DİSK Genel Başkanı Süleyman Çelebi’nin silahlı saldırıya uğradığı haberini duyduğumda 12 Eylül öncesini yaşamış birçok insan gibi ben de endişeye kapıldım. Eminim haberi duyar duymaz birçok insanın aklına, benim gibi, Kemal Türkler olayı gelmiştir.
DİSK Genel Başkanı Kemal Türkler’in katledilmesi, 12 Eylül öncesi sürecin tetikleyicisi karanlık suikastlardan biri olarak kaldı. İşçi liderlerine her saldırı bu nedenle endişe yaratıyor. Acaba eski filmi yeniden mi göreceğiz kuşkusu yaratıyor. Olay tümüyle aydınlanıncaya kadar bu kuşku devam edecektir.
Çelebi’nin sağlık durumunun iyi olduğu haberleri en büyük teselli. Çelebi’ye ve Türkiye’ye büyük geçmiş olsun. Umarım olay adi bir saldırı olayıdır, siyasi bir yönü yoktur, kötü bir sürecin işareti değildir.
Çelebi adam
DİSK Genel Başkanlığı görevini genç yaşta üstlenen Süleyman Çelebi, soyadı gibi çelebi bir kişiliğe sahiptir. Mütevazı, iyi niyetli, her zaman pozitif düşünen, sorun kaynağı olmayan, aksine, her zaman çözüm arayan, diyaloğa açık, karşı fikre saygılı bir işçi lideridir Süleyman Çelebi.
Sendikacılık anlayışı itibariyle her kesimin takdirini toplamış bir liderlik anlayışına sahiptir. Emeğin hakkını sonuna kadar kararlı bir şekilde arayan, ancak çalışma barışını da her zaman gözeten bir anlayışla çalışmıştır.
Temel konulardan ödün vermeden uzlaşmaya her zaman açık olmuş, işyerine kilit vurdurup siyasi şov yapmak yerine, işçilerin işlerini kaybetmeden, işvereni de iflasa sürüklemeden, çözüm aramayı esas almıştır.
İşverenler de dahil toplumun her kesimi tarafından sevilip sayılmasının nedenlerinden biri de bu sendikacılık anlayışıdır.

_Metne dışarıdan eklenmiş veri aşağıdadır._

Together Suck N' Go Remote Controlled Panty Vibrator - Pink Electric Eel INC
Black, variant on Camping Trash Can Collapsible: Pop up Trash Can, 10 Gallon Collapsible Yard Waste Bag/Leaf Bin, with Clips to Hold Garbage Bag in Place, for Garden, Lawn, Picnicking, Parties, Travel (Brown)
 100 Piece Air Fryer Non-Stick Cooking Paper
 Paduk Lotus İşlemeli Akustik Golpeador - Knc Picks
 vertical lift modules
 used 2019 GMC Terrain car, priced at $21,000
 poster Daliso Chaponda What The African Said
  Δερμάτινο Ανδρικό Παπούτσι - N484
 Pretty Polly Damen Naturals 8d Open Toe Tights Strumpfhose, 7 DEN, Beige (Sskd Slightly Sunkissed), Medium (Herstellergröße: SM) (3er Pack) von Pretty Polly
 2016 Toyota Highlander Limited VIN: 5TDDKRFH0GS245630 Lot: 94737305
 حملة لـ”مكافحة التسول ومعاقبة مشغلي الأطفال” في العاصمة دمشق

Belki saldırıya uğramasının nedenlerinden biri de bu çelebi kişiliğidir. Herkesle görüşen, kapısına gelmiş kimseyi geri çevirmeyen, kendisine iletilmiş her soruna çözüm bulmaya çalışan yapısı, saldırganın ona ulaşmasını kolaylaştırmış olmalı...
Güvenlik zaafı
Ne kadar çelebi olursa olsun DİSK Genel Başkanı’nın güvenliğine çok daha fazla özen gösterilmeliydi. Protokolü, koruma ordusuyla gezmeyi sevmeyen, kişiliğine uygun bulmayan Süleyman Çelebi, belki ona rağmen daha iyi korunmalıydı.
Saldırganın daha önce de DİSK Genel Merkezi’nde görülen bir kişi olması, Çelebi’nin odasına kadar silahla girebilmesini izah etmez. Daha önce görmüş olsalar da güvenlik görevlilerinin saldırganı aramadan içeri bırakmamaları gerekirdi.
Teknolojinin bu kadar geliştiği günümüzde, bir saldırganın belinde silahla DİSK Genel Başkanı’nın odasına kadar elini kolunu sallayarak girmesi çok ciddi bir güvenlik zaafıdır.
Olayın vahameti İstanbul Valisi Muammer Güler’in açıklamasında da görüldü. Vali, saldırganın iki dolu şarjörle geldiğini, birini boşalttığını, beş mermi çıkışının saptandığını söyledi. Bu da gösteriyor ki, olay bir vahşete dönüşebilirdi.
Olayın boyutu koruma görevlilerinin ne kadar dikkatli olmaları gerektiğini gösteriyor.
Umarım kısa sürede olay bütün boyutlarıyla aydınlığa kavuşturulur ve Türkiye rahatlar.